Haïti-Justice : Ces enquêtes qui n’aboutissent pas
5 min readDepuis l’assassinat de Jean Léopold Dominique il y a vingt-deux ans, en passant par l’assassinat du Bâtonnier Monferrier Dorval et le massacre de Delmas 32, jusqu’au crime crapuleux commis sur celui qui fut le 58e Président de la République, Jovenel Moïse, les familles, amis et proches et tous les Haïtiens attendent toujours le mot de la justice haïtienne sur les enquêtes qui ont été diligentées.
Diligentées avec peine, sans même un semblant d’explication donnée par la justice, des enquêtes pourtant très médiatisées finissent par sombrer dans l’oubli, victimes d’un manque de volonté politique et donc refoulées quelque part dans l’inconscient collectif de la population aussi par manque de foi en la justice haïtienne. Me Robinson Pierre Louis, secrétaire général du Barreau de Port-au-Prince, dans une interview accordée à la rédaction du Quotidien News, a affirmé que le processus prend du temps à cause de la lenteur des procédures : un juge est assigné à un dossier, si son mandat prend fin, la procédure est obligée de recommencer avec peut-être un nouveau juge.

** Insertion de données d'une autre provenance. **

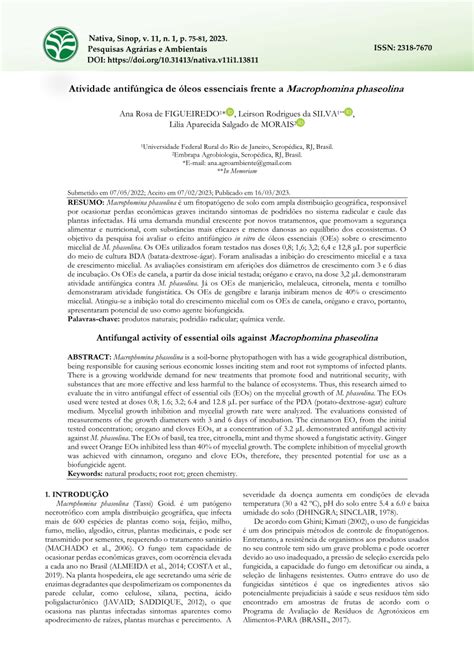 (PDF) ATIVIDADE ANTIFÚNGICA DE ÓLEOS ESSENCIAIS FRENTE A Macrophomina ...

Les victimes connues, leurs meurtriers demeurent un mystère
Jean Léopold Dominique, journaliste haïtien, assassiné le 3 avril 2000 dans les locaux de radio Inter dont il était le propriétaire. Opposant farouche à la dictature, il a connu plusieurs fois l’exil pour sauver sa vie. Il s’était opposé au parti Lavalas suite aux nombreuses dérives de ce dernier. Les soupçons, à l’époque, pesaient sur ce parti politique. Mais, il n’y avait pas vraiment de preuves pour l’incriminer. Des pièces importantes dans les dossiers ont disparu. Selon le Réseau National de Défense des Droits Humains, les responsables de ce crime sont très puissants. Vingt-deux années après, on constate que 17 juges se sont occupés de l’affaire. Le dossier se trouve au niveau de la Cour de cassation mais n’a jamais été conclu.

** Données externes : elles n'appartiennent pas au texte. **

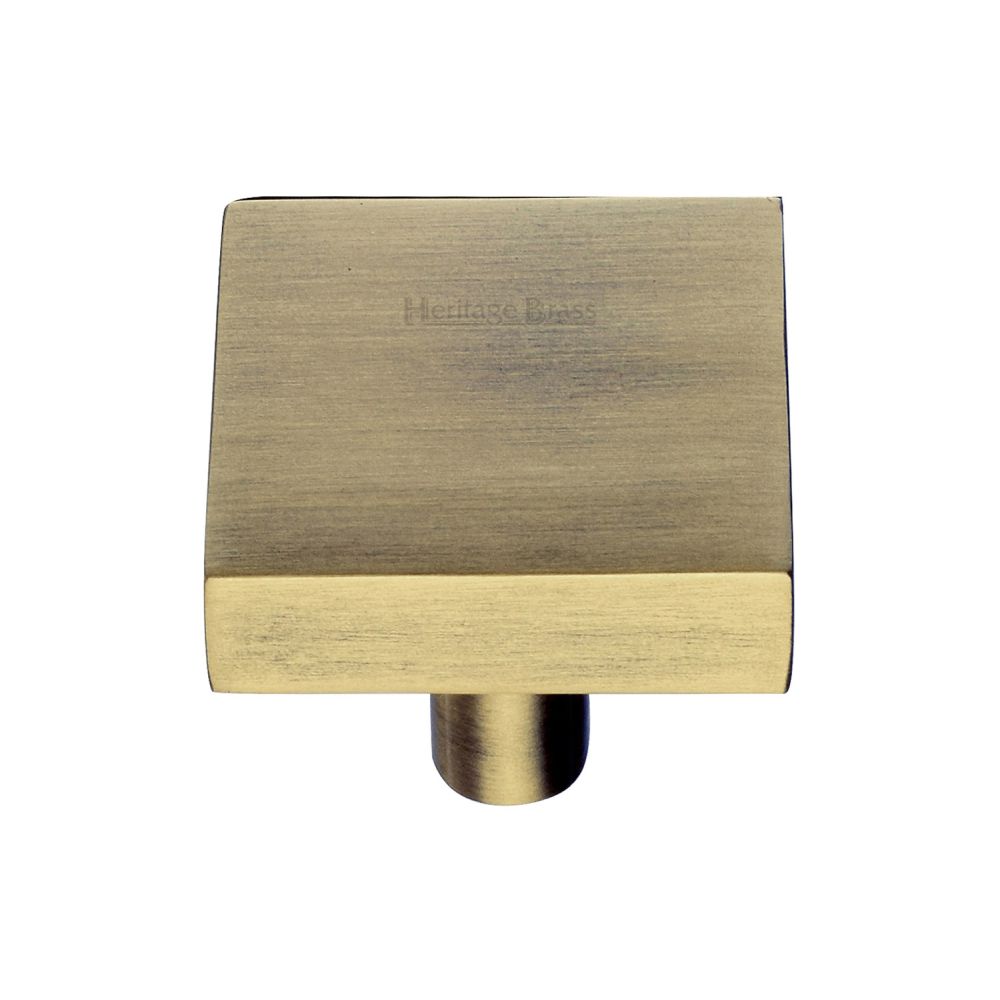 This is an image of a Heritage Brass - Cabinet Knob Square Design 32mm Antique Brass Finish, c3685-32-at that is available to order from T.H Wiggans Ironmongery in Kendal.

Jacques Roche, de son côté, était chroniqueur et chef de la rubrique culture au quotidien Le Matin. Plus d’un se souvient de son enlèvement suivi de son assassinat ignoble. En effet, il a été enlevé le 10 juillet 2005, retrouvé mort quatre (4) jours plus tard, son corps était couvert de marques de torture, attaché à une chaise. Certes, des personnes ont été appréhendées, mais leur dossier n’a pas vraiment dépassé le stade de l’instruction. Certains suspects se sont évadés, d’autres ont été relâchés sans aucune forme d’explication, a fait savoir Reporters sans Frontières. Pour cet assassinat, la justice n’a toujours pas été rendue. Elle continue de s’enfermer dans son mutisme. L’impunité gagne le terrain.

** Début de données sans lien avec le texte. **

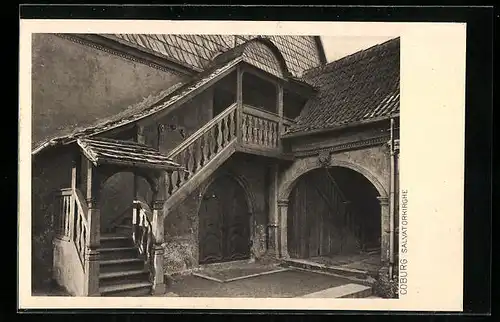 AK Coburg, Salvatorkirche, Treppenaufgang und Toreingänge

Jean Richard Louis Charles fut un journaliste haïtien. Il a été assassiné, abattu 9 février 2011. M. Charles a été tué, selon les journaux de l’époque, à l’angle des rues Capois et Romain, au centre-ville. Il avait 29 ans. Les journaux ont rapporté qu’un individu apparemment lié à l’assassinat avait été lui aussi tué le même jour. Mais l’affaire est restée ambiguë. Rien de concluant. Onze (11) années après, le dossier est reste sans suite. Le meurtre n’a toujours pas été élucidé.
Me Monferrier Dorval
Assassiné devant chez lui le 28 août 2020. Plusieurs personnes ont été invitées se présenter au parquet en tant que témoins. Mais très vite au milieu de l’instruction, le dossier été emporté. Me Robinson Pierre-Louis, secrétaire général du Barreau de Port-au-Prince confie au journal Le Quotidien News que le dossier a été reconstitué par la Direction Centrale de la Police Judiciaire (DCPJ), et qu’il se trouve actuellement au décanat du Doyen Me Bernard St-Vil. Ce qui constitue un obstacle au dossier, c’est le problème de local dû à l’insécurité qui règne dans les entourages du parquet de Port-au-Prince. Me Pierre-Louis a aussi fait savoir qu’une revendication est prévue par les membres du personnel judiciaire pour réclamer au Premier Ministre un nouveau local ce vendredi 8 avril 2022, pour que le dossier soit confié à un juge instructeur.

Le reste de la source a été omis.